Fu proprio grazie all'allontanamento della maggior parte delle voci che fino a poco prima riempivano lo spazio intorno a lui che riuscì a sentire il mormorio delle due signore sedute nei posti dietro il suo. Si fece subito più attento, premendosi il più possibile contro il suo sedile, in modo da captare meglio stralci di quel discorso. Avrebbe potuto essere un pettegolezzo qualsiasi che riguardava una loro conoscenza o un VIP, ma il tono usato dalle due donne e la loro eccessiva circospezione gli fece intuire che forse si trattava di un'altra cosa. Qualcosa di cui ora faceva parte anche lui. Di quelli come lui si parlava sempre sottovoce, come se anche solo a nominarli si commettesse reato, ti facesse automaticamente sembrare uno di loro, ti indicasse come simpatizzante o affiliato. Chissà se, una volta trovate quel gruppo, sarebbe stato accolto, aiutato. Come credevano di poter rendere possibile quelle persone ciò che scrivevano sui loro foglietti e sui muri? E se quel volantino fosse tutta una burla, uno scherzo crudele di qualcuno? Le sue speranze, tutte le sue speranze di continuare a vivere libero, dipendevano da un gruppo di persone che con tutta probabilità nemmeno esisteva. Ma in fondo aggrapparsi a quella debole possibilità non era forse meglio della certezza di ciò che lo attendeva?
«L'hanno sgomberato, ma si può ancora vedere.»

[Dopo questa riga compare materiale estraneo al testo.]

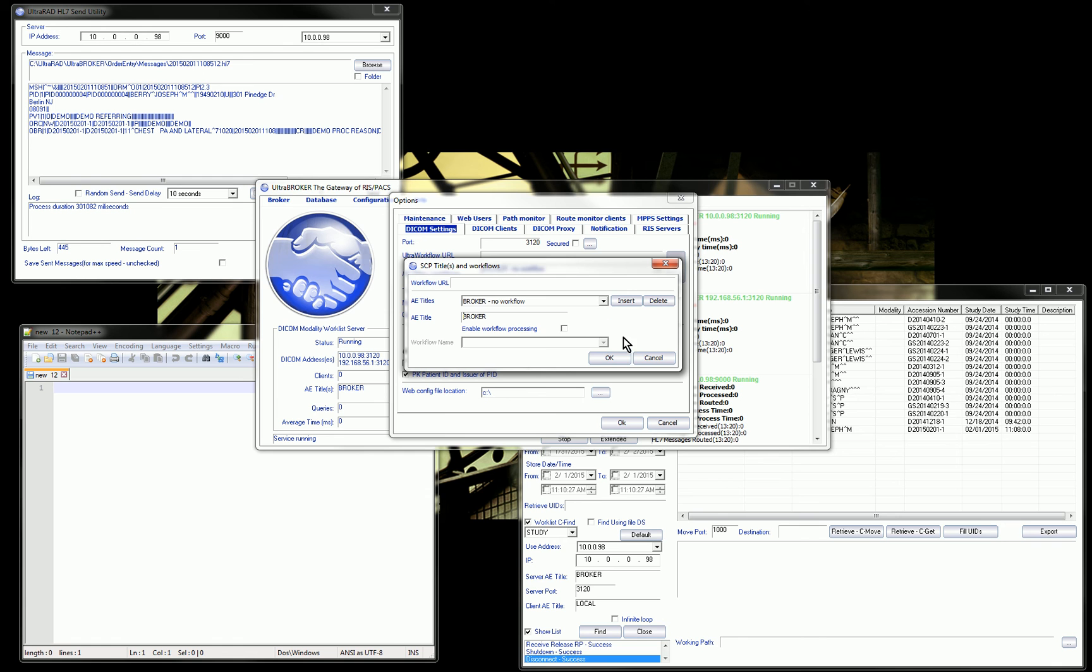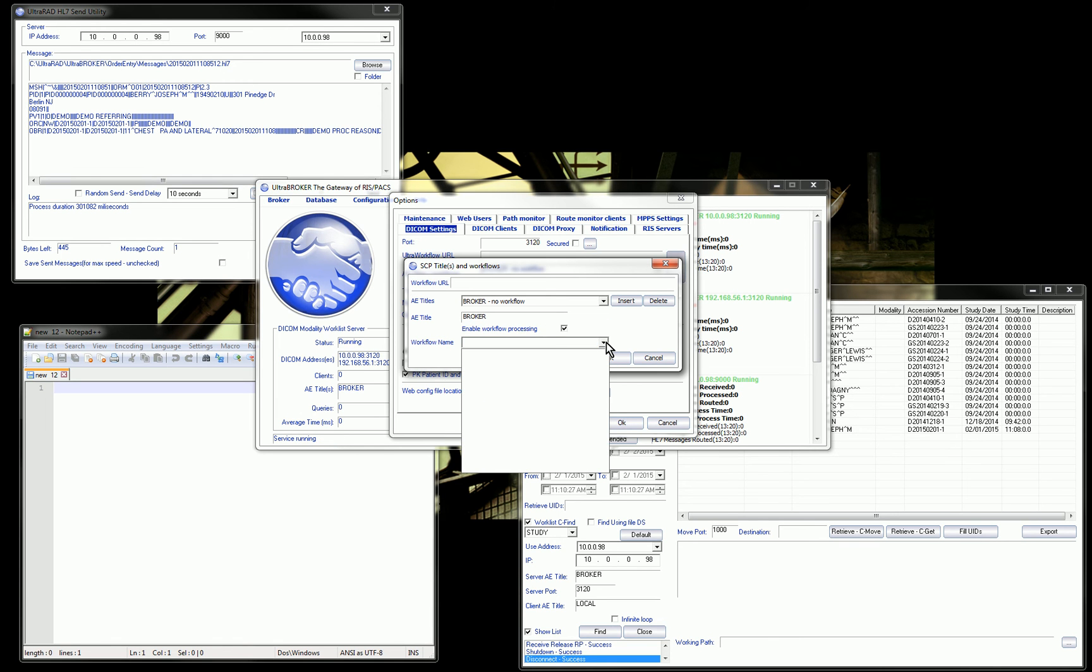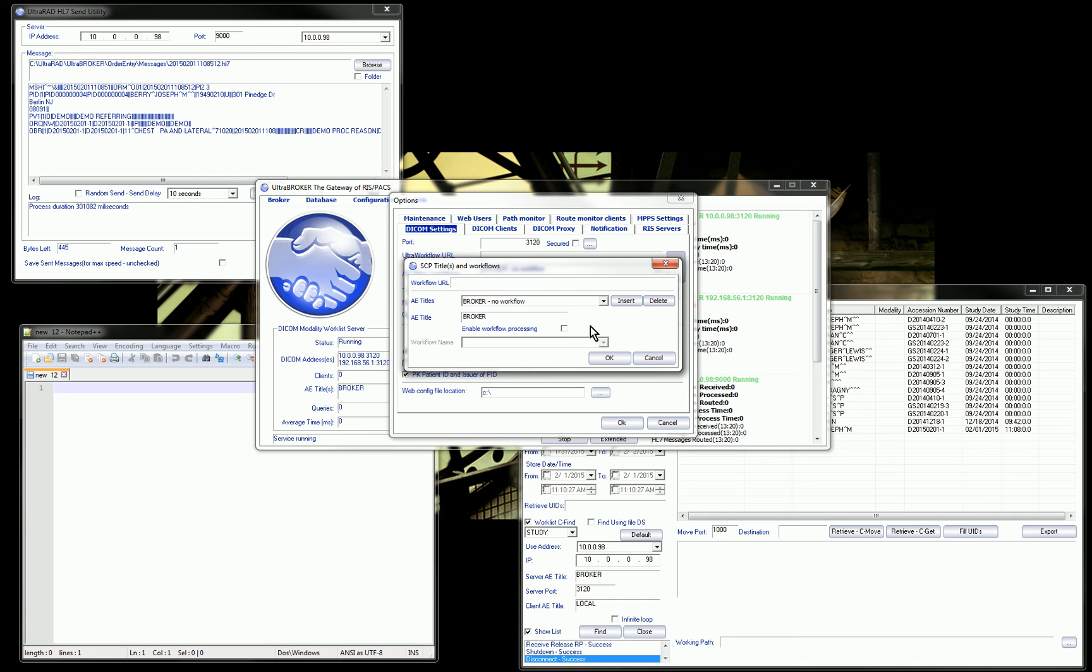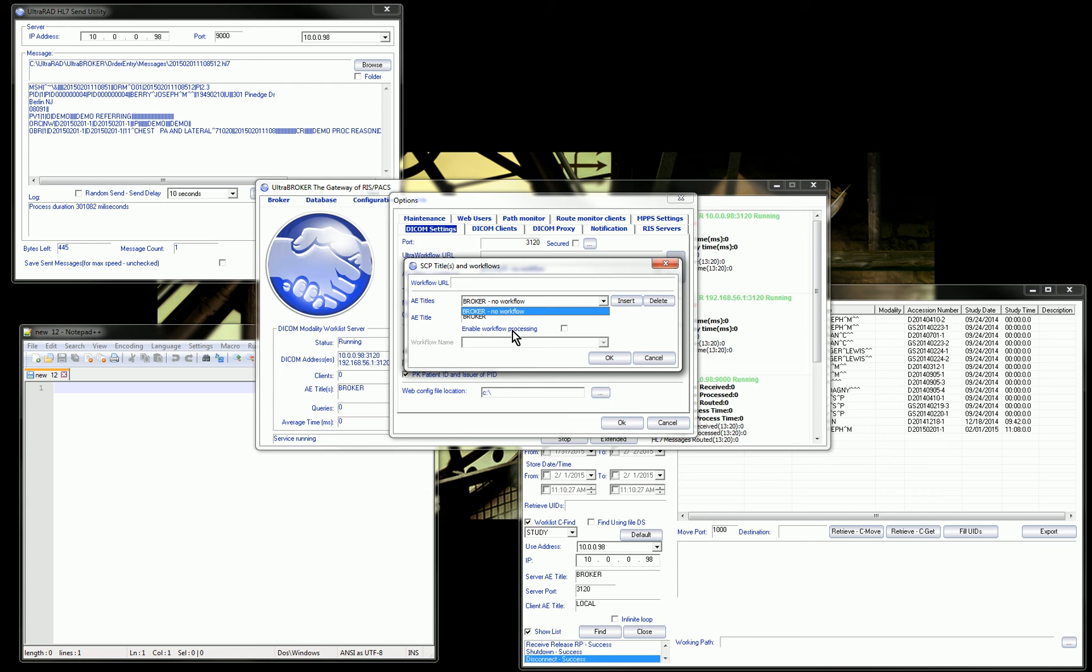If I go into my options in this section here where I configure my AE titles, when you configure an AE title for the broker, you can tell it to use other processes to get its information. That's where we would configure web services. I could have additional AE titles in this dropdown when a modality calls us with that particular AE title. We can trigger some kind of a workflow that maybe calls a web service on another system where it could generate other types of messages or use other standards like XDSI or CCR and CCD.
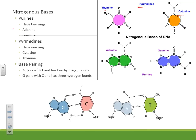We also have ways of remembering which ones have one ring and which ones have two rings. Purines — 'pure' sounds like an angel, and angels have two wings — so purines have two rings. Pyrimidines would have just one ring. To remember which bases are purines versus pyrimidines, pyrimidines are the ones with a Y in them: thymine and cytosine. You just have to know the rest.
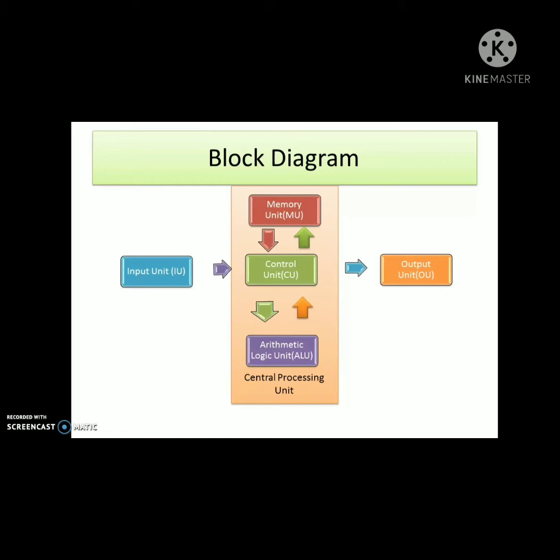In the central processing unit, you can see three divisions: memory unit, control unit, and arithmetic and logic unit. The input unit accepts data into the computer.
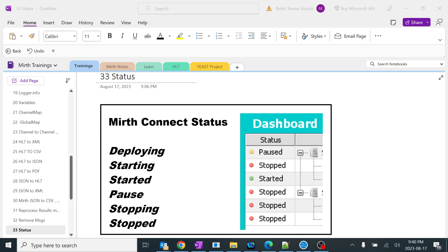Today we are going to learn about MIRTH Connect statuses. Most people coming to this video might be confused about what is pause and stop — both look like the same. I'll clear all the problems and provide solutions. I'll be explaining what is deploying, starting, started, pause, stopping, and stopped. There is a complete pattern on how MIRTH Connect works from start to stop.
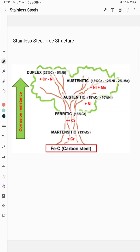Hello everyone, welcome to our Metallurgical Engineering YouTube channel. In this video we are going to discuss the different types of stainless steel in terms of a tree structure. Here you can see the tree that starts with plain carbon steel, and by addition of chromium and nickel we are increasing the corrosion resistance and getting different types of stainless steel.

«Non l'hanno raso al suolo?»
«No, mio marito dice che avrebbe attirato troppo l'attenzione.»
«Ma sono scappati tutti?»
«Sì, tutti. Lei non l'hanno trovata.»
Poi il treno si rimise in moto e le voci si fecero più difficili da captare e come se non bastasse una delle due a un certo punto scartò una caramella e iniziò a parlare con la bocca piena, masticando e succhiando, rendendo ancora più arduo seguire la loro conversazione. Maledetta pettegola! Sputa quella dannata caramella! Alex comunque riuscì ad afferrare il succo del discorso e quando sentì dire: «Ecco, era più o meno a questa altezza, dietro quel capannone», fece correre lo sguardo alla ricerca di ciò che secondo lui stavano indicando e cercò di memorizzare il più possibile tutto quello che riusciva a vedere dal finestrino lurido del treno. Guardò subito l'orologio e memorizzò l'ora. Quello, una cartina e la durata precisa del tragitto fatto in treno, lo avrebbero aiutato a capire dove fossero. Possibile che avesse già trovato il luogo che cercava, la comunità in cui sperava di ricevere asilo?
«Cosa succederà a quei ragazzi quando li troveranno?»
«Se li troveranno, non quando» la corresse l'amica. «Sono furbi come volpi, mio marito dice che non riescono a prenderli, ogni volta sembrano dissolversi...» Poi l'ingresso in una galleria fece sbattere delle tendine così forte che il rumore dell'aria coprì ogni cosa. Una volta tornati a un livello di rumore accettabile, Alex captò solo l'ultima parte del discorso. Una sola parola, sussurrata più delle altre, eppure ancora udibile a quella distanza: «Deportazione».